== Segment start ==
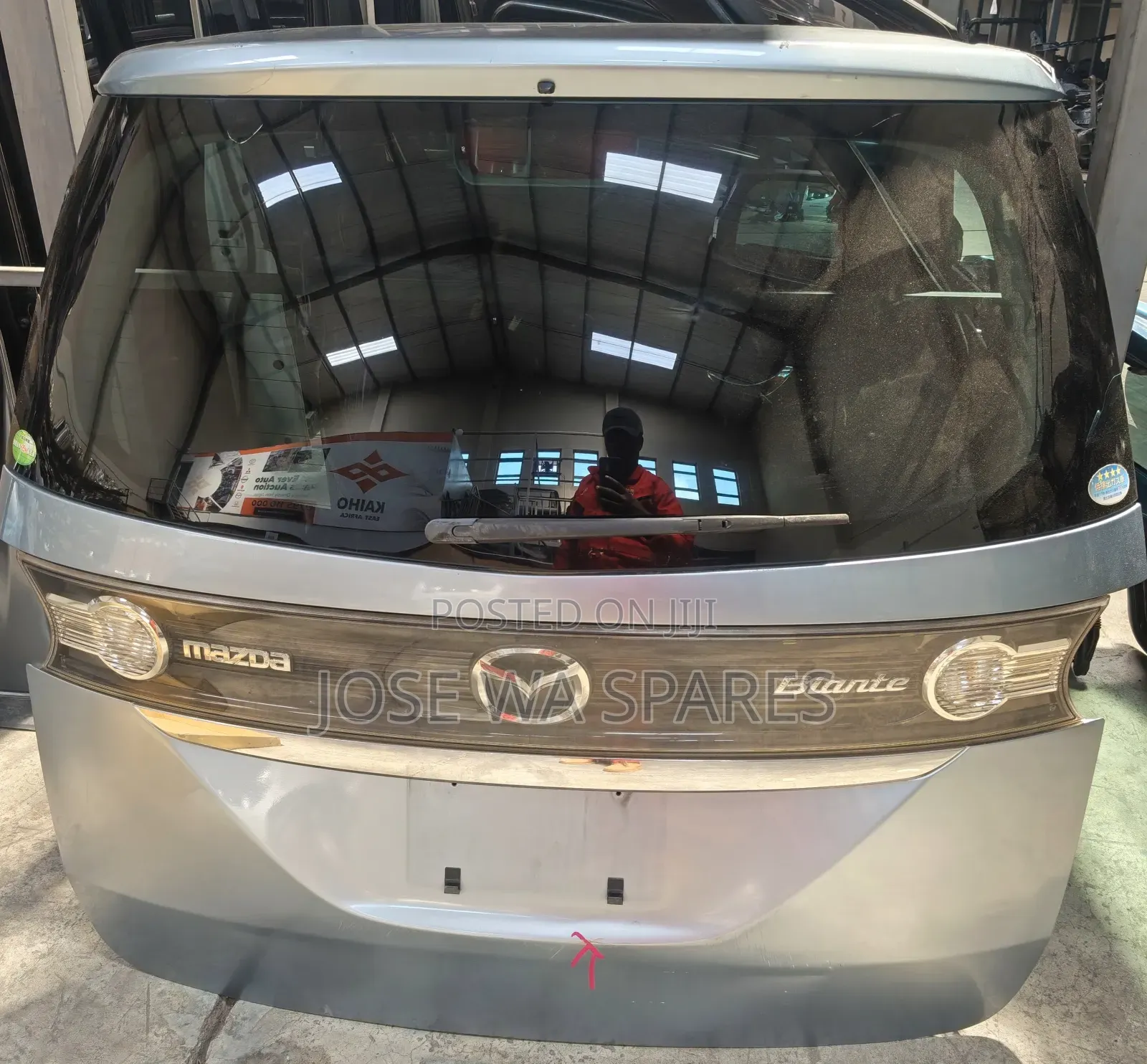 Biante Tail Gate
== Segment end ==
== Segment start ==
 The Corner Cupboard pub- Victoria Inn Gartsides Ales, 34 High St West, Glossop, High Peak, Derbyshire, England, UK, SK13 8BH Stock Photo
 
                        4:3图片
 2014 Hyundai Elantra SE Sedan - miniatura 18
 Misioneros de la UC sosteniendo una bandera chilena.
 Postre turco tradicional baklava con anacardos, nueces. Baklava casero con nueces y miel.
== Segment end ==
— What you are asked to do —
Reproduce verbatim the lines above, from the line with "The Corner Cupboard" through the line with "Postre turco tradicional".

— Written solution —
 The Corner Cupboard pub- Victoria Inn Gartsides Ales, 34 High St West, Glossop, High Peak, Derbyshire, England, UK, SK13 8BH Stock Photo
 
                        4:3图片
 2014 Hyundai Elantra SE Sedan - miniatura 18
 Misioneros de la UC sosteniendo una bandera chilena.
 Postre turco tradicional baklava con anacardos, nueces. Baklava casero con nueces y miel.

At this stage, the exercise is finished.